__What you should do__:
Which lines below hold the word "Toyota"? Copy all of them.

__Task data__:
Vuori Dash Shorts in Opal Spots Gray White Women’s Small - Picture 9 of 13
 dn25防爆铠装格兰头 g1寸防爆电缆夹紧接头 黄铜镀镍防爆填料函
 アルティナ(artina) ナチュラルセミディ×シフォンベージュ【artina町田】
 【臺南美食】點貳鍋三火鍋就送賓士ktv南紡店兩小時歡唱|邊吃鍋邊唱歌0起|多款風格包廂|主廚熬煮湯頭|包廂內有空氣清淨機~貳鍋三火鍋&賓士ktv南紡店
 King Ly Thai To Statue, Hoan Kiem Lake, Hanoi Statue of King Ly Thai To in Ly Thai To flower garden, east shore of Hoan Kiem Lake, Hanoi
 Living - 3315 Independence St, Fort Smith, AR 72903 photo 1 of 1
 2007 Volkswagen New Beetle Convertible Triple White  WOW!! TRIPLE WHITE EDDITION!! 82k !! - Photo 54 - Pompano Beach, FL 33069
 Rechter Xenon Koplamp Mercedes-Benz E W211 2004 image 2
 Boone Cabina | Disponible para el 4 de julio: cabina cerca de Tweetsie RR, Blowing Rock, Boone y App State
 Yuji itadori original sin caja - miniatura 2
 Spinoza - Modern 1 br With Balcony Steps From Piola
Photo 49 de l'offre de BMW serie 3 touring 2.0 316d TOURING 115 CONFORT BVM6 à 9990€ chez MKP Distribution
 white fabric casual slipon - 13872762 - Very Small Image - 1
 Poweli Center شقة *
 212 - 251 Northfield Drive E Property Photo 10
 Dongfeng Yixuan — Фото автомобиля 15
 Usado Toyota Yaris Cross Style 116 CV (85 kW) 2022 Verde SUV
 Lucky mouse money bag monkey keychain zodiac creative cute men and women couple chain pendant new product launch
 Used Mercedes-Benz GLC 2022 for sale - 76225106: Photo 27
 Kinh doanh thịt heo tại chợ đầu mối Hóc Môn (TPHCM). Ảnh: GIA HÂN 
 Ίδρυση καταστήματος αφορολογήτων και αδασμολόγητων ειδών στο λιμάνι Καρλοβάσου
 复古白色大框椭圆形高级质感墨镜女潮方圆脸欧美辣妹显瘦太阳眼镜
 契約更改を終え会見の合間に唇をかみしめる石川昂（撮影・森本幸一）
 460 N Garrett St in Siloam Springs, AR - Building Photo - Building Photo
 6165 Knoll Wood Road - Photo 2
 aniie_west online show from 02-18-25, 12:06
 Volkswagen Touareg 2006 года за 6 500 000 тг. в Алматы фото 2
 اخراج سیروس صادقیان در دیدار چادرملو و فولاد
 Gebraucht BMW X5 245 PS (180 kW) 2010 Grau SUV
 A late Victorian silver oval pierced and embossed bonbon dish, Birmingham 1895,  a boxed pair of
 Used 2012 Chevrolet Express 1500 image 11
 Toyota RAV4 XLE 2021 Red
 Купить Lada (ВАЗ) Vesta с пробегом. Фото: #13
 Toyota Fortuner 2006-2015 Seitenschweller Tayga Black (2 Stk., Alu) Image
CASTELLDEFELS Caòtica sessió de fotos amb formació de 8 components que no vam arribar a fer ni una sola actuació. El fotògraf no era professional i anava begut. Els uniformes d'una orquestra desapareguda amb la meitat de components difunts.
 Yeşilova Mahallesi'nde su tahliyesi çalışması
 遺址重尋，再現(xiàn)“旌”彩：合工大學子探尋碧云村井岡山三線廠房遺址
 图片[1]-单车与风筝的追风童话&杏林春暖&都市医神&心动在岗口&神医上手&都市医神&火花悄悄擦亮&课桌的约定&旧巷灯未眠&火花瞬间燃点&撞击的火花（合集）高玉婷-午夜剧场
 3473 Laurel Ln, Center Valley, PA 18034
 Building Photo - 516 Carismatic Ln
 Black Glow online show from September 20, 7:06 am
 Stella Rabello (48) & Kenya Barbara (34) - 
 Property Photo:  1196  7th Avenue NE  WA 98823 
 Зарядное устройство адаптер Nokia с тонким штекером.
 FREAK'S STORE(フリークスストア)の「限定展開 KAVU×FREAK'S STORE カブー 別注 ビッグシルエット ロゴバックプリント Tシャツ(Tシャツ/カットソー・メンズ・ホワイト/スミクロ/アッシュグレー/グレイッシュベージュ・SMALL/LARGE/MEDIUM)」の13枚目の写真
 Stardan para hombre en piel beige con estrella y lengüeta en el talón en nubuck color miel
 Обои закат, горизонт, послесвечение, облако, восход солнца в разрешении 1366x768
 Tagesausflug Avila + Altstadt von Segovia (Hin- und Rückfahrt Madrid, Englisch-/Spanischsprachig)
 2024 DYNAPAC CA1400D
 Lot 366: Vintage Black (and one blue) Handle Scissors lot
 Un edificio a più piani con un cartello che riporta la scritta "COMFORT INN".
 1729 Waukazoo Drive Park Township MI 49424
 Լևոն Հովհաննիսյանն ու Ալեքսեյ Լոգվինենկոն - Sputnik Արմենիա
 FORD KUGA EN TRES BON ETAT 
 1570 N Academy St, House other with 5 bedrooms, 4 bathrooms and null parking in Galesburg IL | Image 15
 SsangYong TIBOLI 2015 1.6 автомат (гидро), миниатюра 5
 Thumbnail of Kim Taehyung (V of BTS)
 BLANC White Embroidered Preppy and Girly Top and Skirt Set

__Answer__:
 Usado Toyota Yaris Cross Style 116 CV (85 kW) 2022 Verde SUV
 Toyota RAV4 XLE 2021 Red
 Toyota Fortuner 2006-2015 Seitenschweller Tayga Black (2 Stk., Alu) Image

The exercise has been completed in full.